This paper presents a detailed case history of hydraulic fracture treatments in tight oil reservoirs in remote onshore locations in China. For cases presented in this study, microseismic mapping and fracture modeling approaches were applied to understand fracture growth behavior. This paper provides a brief summary of reservoir background, but focuses on microseismic mapping as well as fracture modeling analysis. Results from fracture modeling and microseismic mapping were employed to understand post-frac performance.
Fracture treatments from two tight oil reservoirs, one mature and the other new, were investigated in this study. The two reservoirs of interest are located in the same region in north central China and are about 190 kilometers apart. The mature reservoir is located in Shaanxi Province, with a reservoir depth (TVD) of 1,180 meters at the middle of all the pay zones. The new reservoir is located in Gansu Province, with a mid-pay reservoir depth (TVD) of 2,120 meters. Both of the reservoirs consist of stacked sand/shale deposits and their net pay ranges roughly from 7 to 23 meters. The reservoirs were varied in quality, with permeabilities ranging from 0.05 mD to 0.3 mD, connate water saturations from 30 to 45%, and porosities from 11 to 16%. The effective reservoir permeability values were estimated from previous well test and production analysis. The specific gravity of the crude oil is about 0.85 or an API gravity of 35 degrees.
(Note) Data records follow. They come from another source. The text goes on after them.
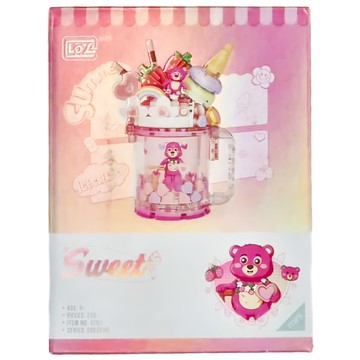 LoZ 積木玩具 4201 雪糕流沙杯  芝士草莓 粉色  1個
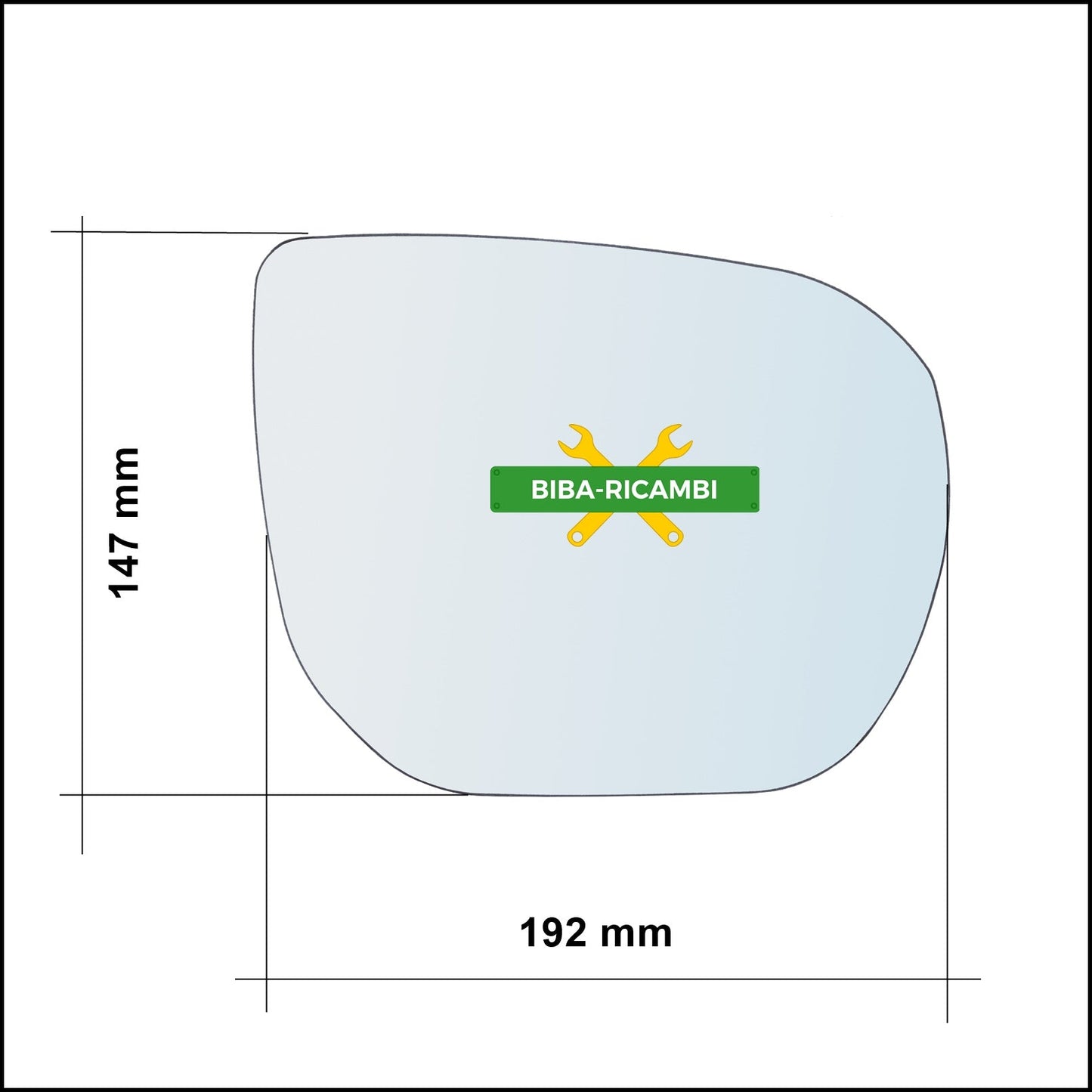 Vetro Specchio Retrovisore Asferico Lato DX Compatibile Per Hyundai Santa FÉ III (DM) dal 2012> BIBA-RICAMBI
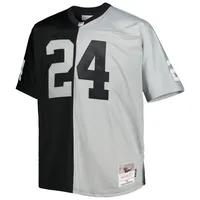 Maillot de réplique joueur retraité Mitchell & Ness Charles Woodson pour hommes, noir/argent, Las Vegas Raiders Big Tall Split Legacy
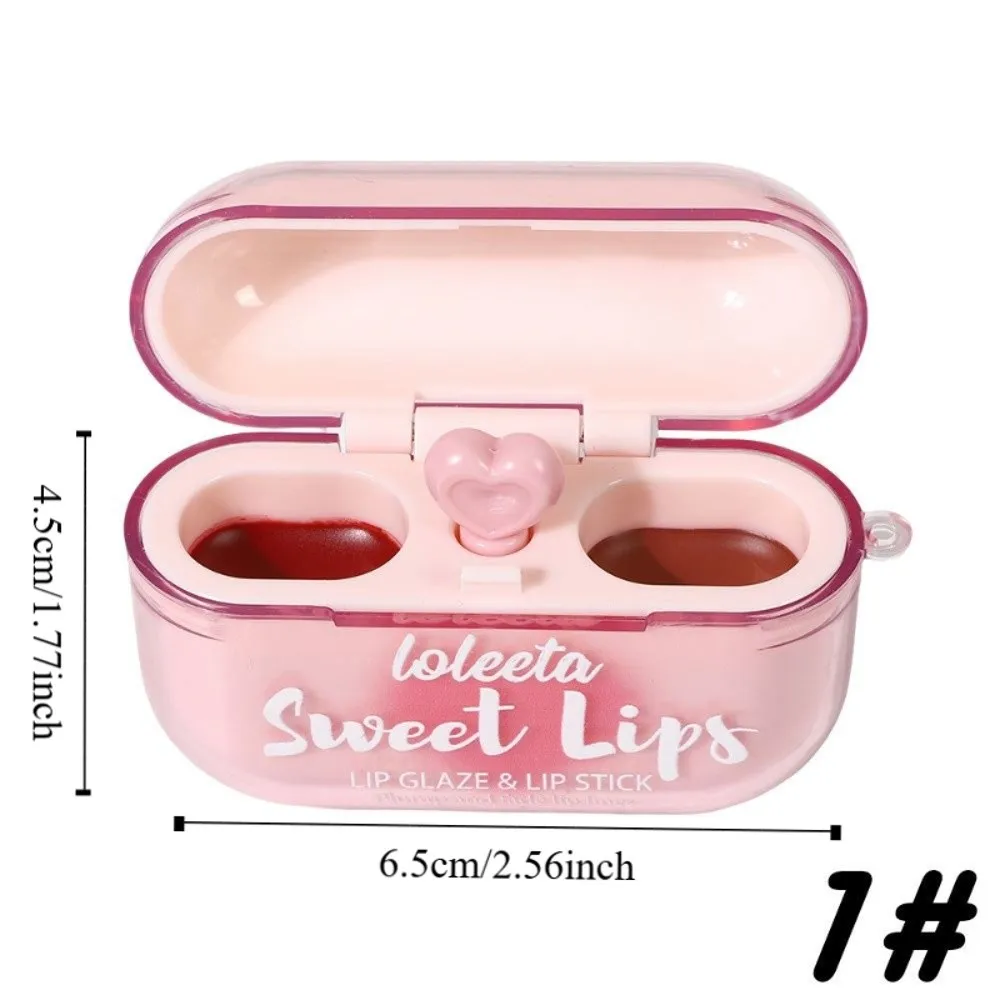 Rossetto Vellutato Opaco 2-in-1 alla Moda, Rossetto Glitter Impermeabile che Valorizza la Carnagione, Lucidalabbra a Forma di Cuffie a Lunga Durata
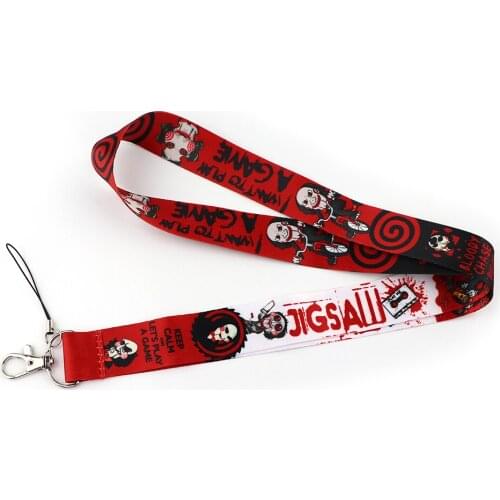 J3088 Horror Movie Halloween Chainsaw Fright Lanyard Keychain Lanyards for keys Badge Mobile Phone Rope Neck Straps Accessories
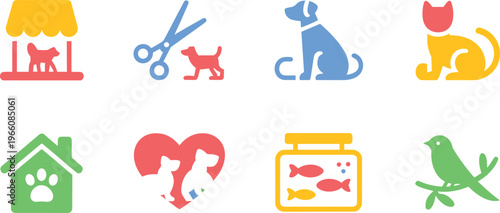 Collection of cute pet care and animal icons including a house, fishbowl, bird, dog, and cat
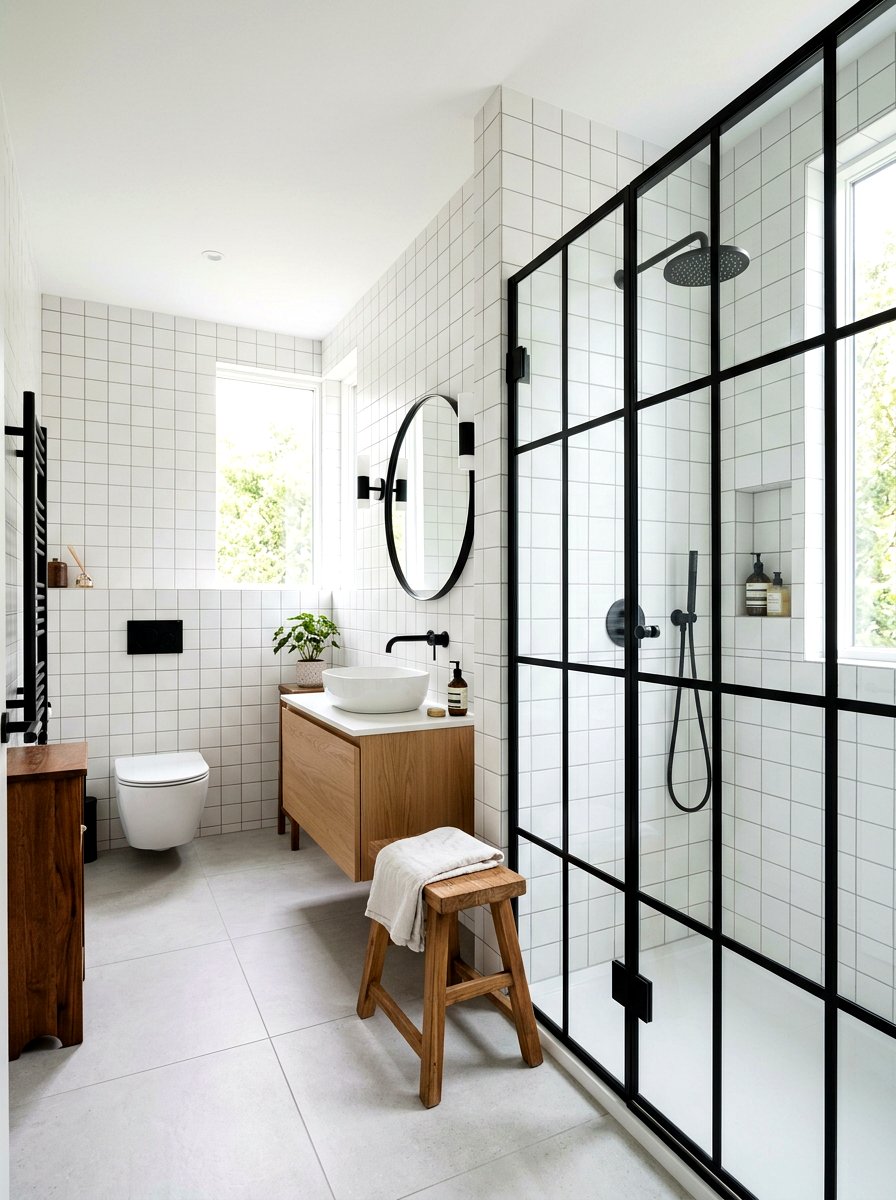 Square Stacked White Tile Bathroom - 30 stacked tile bathroom ideas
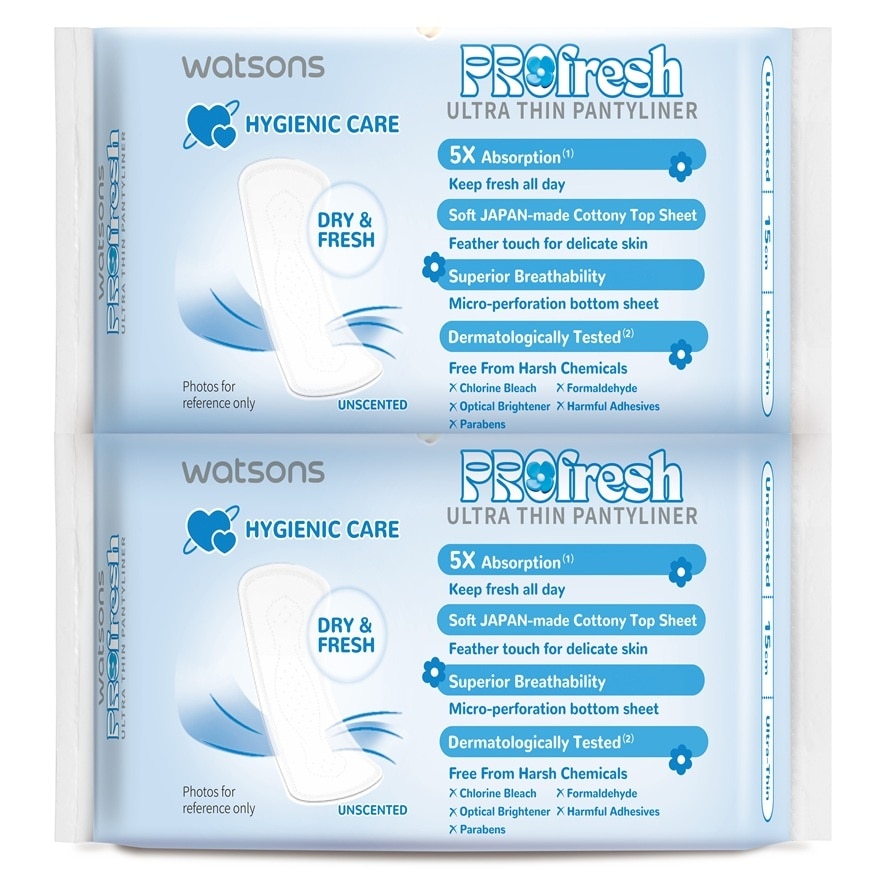 Ultra-Thin Pantyliner Unscented 15cm 40's x2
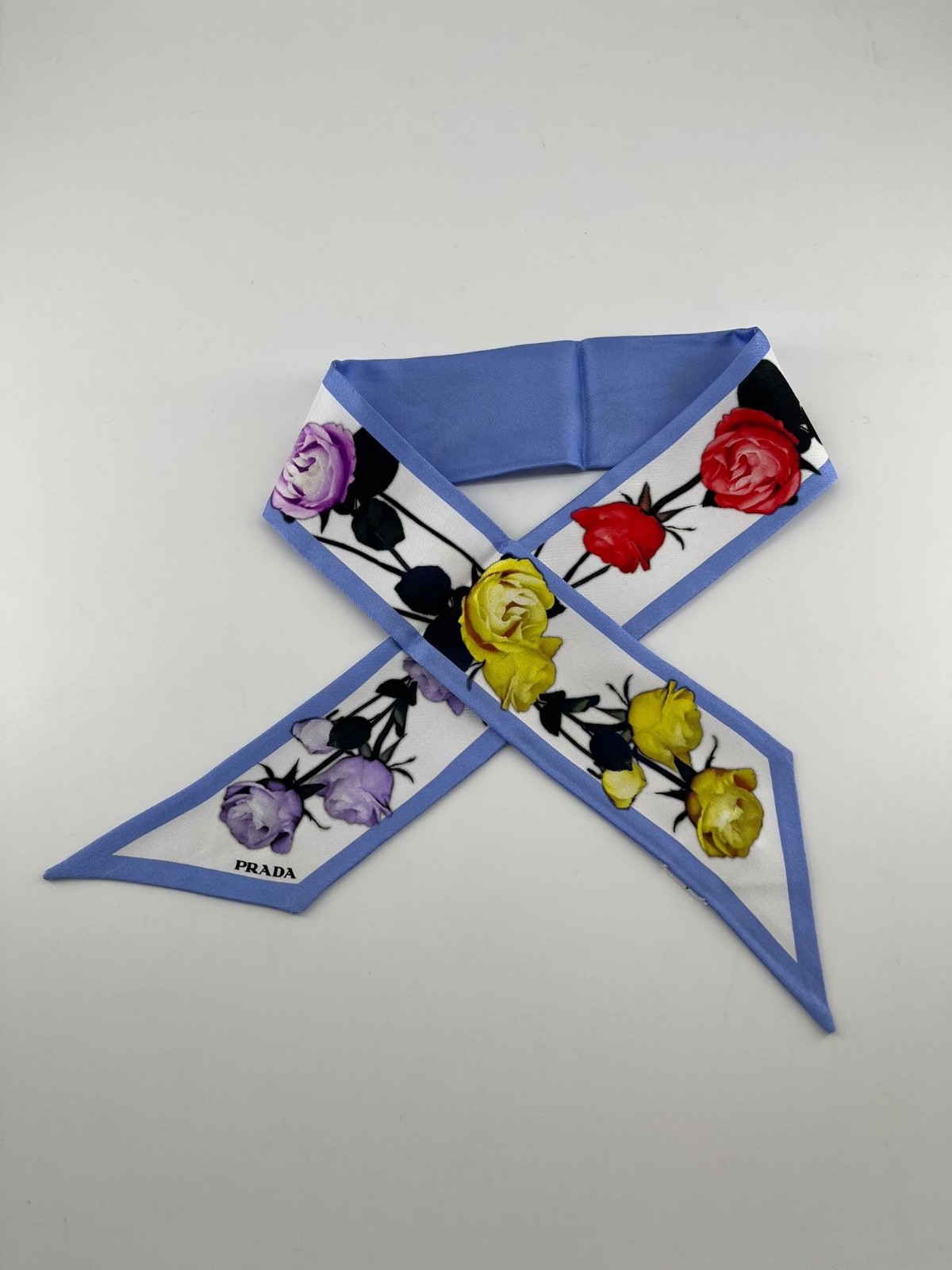 Authentic PRADA Skinny Silk Scarf New Never Used Made in Italy thumbnail 9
In the development of these tight oil reservoirs, water injection was implemented as soon as oil production was started, to provide the pressure needed for commercial oil production. For under-pressured reservoirs in the region, it is a common practice to start water injection and to bring the reservoir pressure to a certain level before any oil production is started.
All oil wells in these tight reservoirs in the region require fracture stimulation to achieve commercial production and to improve well productivity. Fracture stimulation is also very common for water injection wells to enhance injectivity. For the two cases presented in this study, a microseismic mapping technique using an advanced downhole seismic system (running fiberoptic wireline and geophones receivers in offset wells) was applied for the first time to understand the fracture growth behavior in this region. Hundreds of fracture treatments have been mapped in North America using the same type of downhole seismic systems, though most of these jobs were performed in tight gas wells[1–4]. The cases investigated in this paper involve three frac jobs in oil reservoirs.
The method of fracture mapping by measuring the locations of microseisms created during a hydraulic fracture treatment has existed for over 20 years. The formation around the fracture undergoes significant stress increases and large changes in the pore pressure during a fracture treatment. Both of these changes affect the stability of planes of weakness adjacent to the hydraulic fracture and cause them to undergo shear slippage. The shear slippages are similar to earthquakes along faults, but with much lower magnitude. The name "microseism" or "microseismic" is thus often used to describe this phenomenon. Microseisms generated during a hydraulic fracture treatment emit elastic waves at frequencies that generally fall within the acoustic frequency range. These acoustic signals can be detected using appropriate receivers and processed to determine the locations of these microseismic events. Microseisms are detected with multiple receivers deployed on a wireline array in one or more offset wellbores (see Figure 1). With the receivers deployed in several wells, the microseism locations can be triangulated as is done in earthquake detection. In most cases, though, multiple offset wells are not available. With only a single nearby offset observation well, a multi-level vertical array of receivers is used to locate the microseisms. Figure 1 illustrates the procedure of measuring the microseisms with a 5-level receiver array, transferring the data to the surface for subsequent processing to yield a map of the hydraulic fracture geometry and azimuth. Once the microseisms are located, the actual fracture is interpreted within the envelope of microseisms mapped.